# What you need to do
Type out the whole listing again exactly, pictures omitted.
START Dataset excerpt
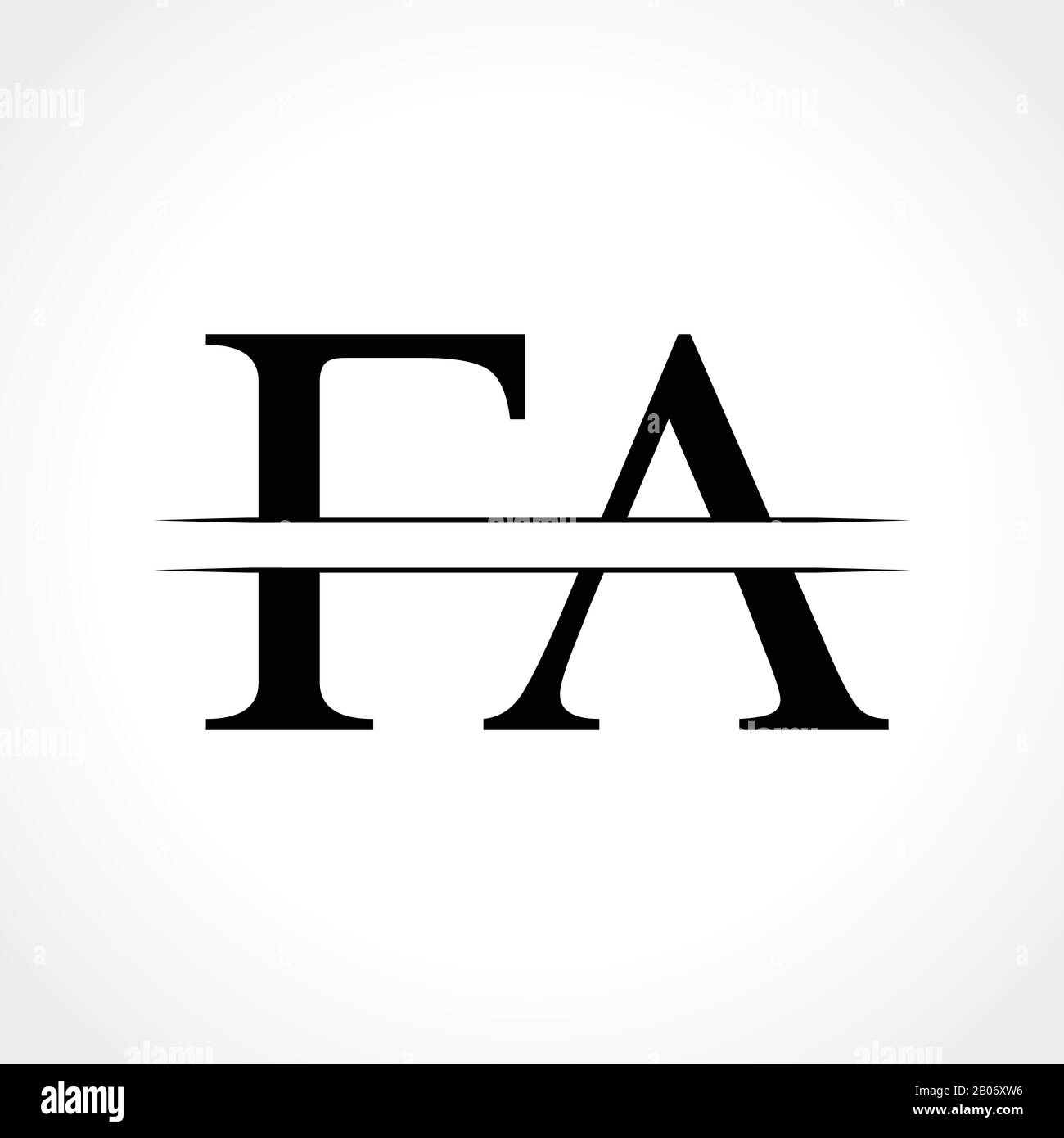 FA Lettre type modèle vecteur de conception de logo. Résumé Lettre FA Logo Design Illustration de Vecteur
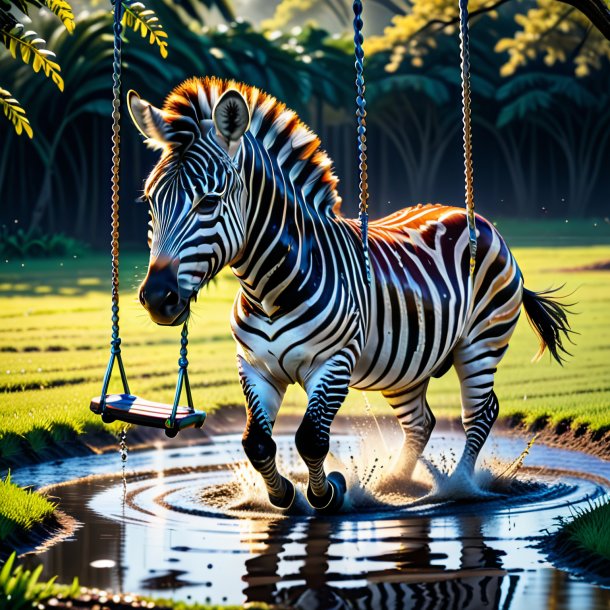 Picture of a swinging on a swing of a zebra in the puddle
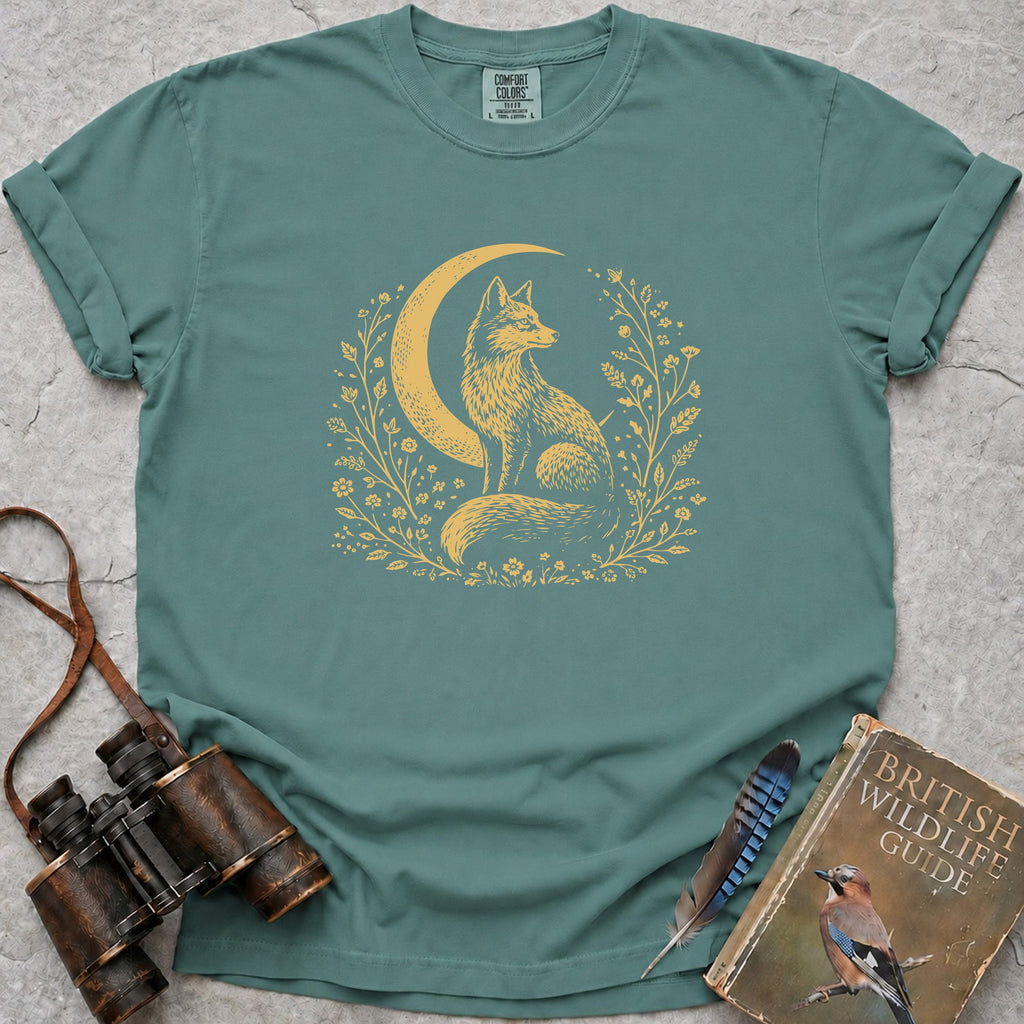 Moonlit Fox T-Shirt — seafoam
END Dataset excerpt
# Expected answer
 FA Lettre type modèle vecteur de conception de logo. Résumé Lettre FA Logo Design Illustration de Vecteur
 Picture of a swinging on a swing of a zebra in the puddle
 Moonlit Fox T-Shirt — seafoam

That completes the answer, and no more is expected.